The events are free and open to the public. For more information or to register, visit here.

The Community Navigator Program is just one Small Business Administration-backed resource that Black-owned small businesses here in Delaware can look to for support. The administration stands ready to help with:

• Local support — Local “resource partner” organizations — SCORE Delaware, the Delaware Small Business Development Center, the Women’s Business Center at True Access Capital and the Veterans Business Outreach Center — provide small-business workshops and training opportunities, ongoing mentorship, answers to one-time business questions and more. And, here in Delaware, the Delaware SBDC has been named a Navigator organization in the Community Navigator Program. In that role, the center works with community-tied organizations to connect business-building resources with Delaware’s underserved entrepreneurs, especially people of color, individuals with disabilities and business owners in rural and low-income communities.

• Access to capital — Small-business success so often starts with funding. That’s why so many small businesses use Small Business Administration-backed loans for startup, working capital and growth-stage financing. The administration also offers grant programs for businesses in specialized fields — Small Business and Innovation Research and Small Business Technology Transfer programs.

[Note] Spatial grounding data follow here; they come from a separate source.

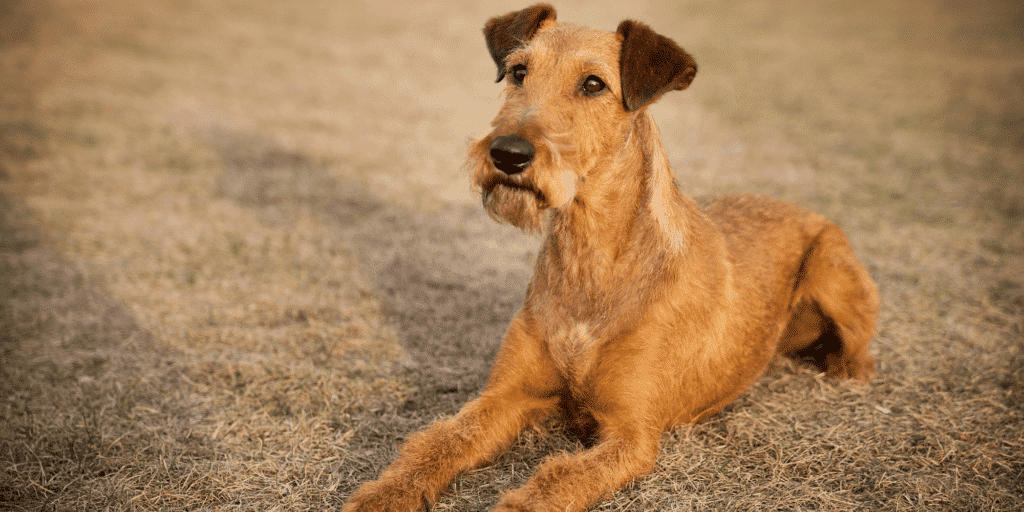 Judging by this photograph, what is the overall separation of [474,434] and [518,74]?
183 cm

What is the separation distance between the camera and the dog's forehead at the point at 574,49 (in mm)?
2998

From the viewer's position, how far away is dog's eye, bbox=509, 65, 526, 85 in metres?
3.17

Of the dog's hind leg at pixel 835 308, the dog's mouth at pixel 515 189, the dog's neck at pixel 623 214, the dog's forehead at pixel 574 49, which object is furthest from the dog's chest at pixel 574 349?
the dog's hind leg at pixel 835 308

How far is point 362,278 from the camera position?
5570mm

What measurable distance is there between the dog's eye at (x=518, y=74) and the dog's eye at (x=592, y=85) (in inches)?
13.1

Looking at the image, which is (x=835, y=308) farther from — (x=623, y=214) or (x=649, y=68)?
(x=649, y=68)

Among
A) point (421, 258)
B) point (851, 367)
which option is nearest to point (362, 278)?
point (421, 258)

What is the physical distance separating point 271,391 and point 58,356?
5.32 feet

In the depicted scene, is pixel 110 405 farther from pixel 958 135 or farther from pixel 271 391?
pixel 958 135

• Contracting opportunities — Now is a tremendous time for small businesses to consider making selling to the federal government part of their growth strategy. President Joe Biden issued a day one Executive Order on Advancing Racial Equity and Support for Underserved Communities, instructing agencies to ensure that federal contracting and procurement opportunities be made more readily available to all eligible vendors and to remove barriers faced by underserved individuals and communities. And, significantly, President Biden announced a goal of increasing the share of contracts awarded to small, disadvantaged business by 50% by fiscal year 2025. The Small Business Administration’s 8(a) Business Development program, for example, is geared toward small, disadvantaged businesses — a group that the federal government currently aims to set aside 12% of contracting dollars spent stateside for annually. Additional contracting assistance programs also help small businesses win federal contracts through mentorship and exclusive contracting opportunities.

• Learning platform — SBA’s online learning programs allow entrepreneurs to independently access learning tools for every business stage, from plan to launch to growth. And, geared especially for female entrepreneurs is it online Ascent learning platform, providing e-learning resources on a variety of topics.

Today, small business stands at a unique time in history, as we look to emerge from the COVID-19 pandemic. And we know that COVID-19 significantly impacted Black-owned businesses. So, this Black History Month, I urge all Delawareans to support Black-owned small businesses at every opportunity and to visit here for information about programs and services.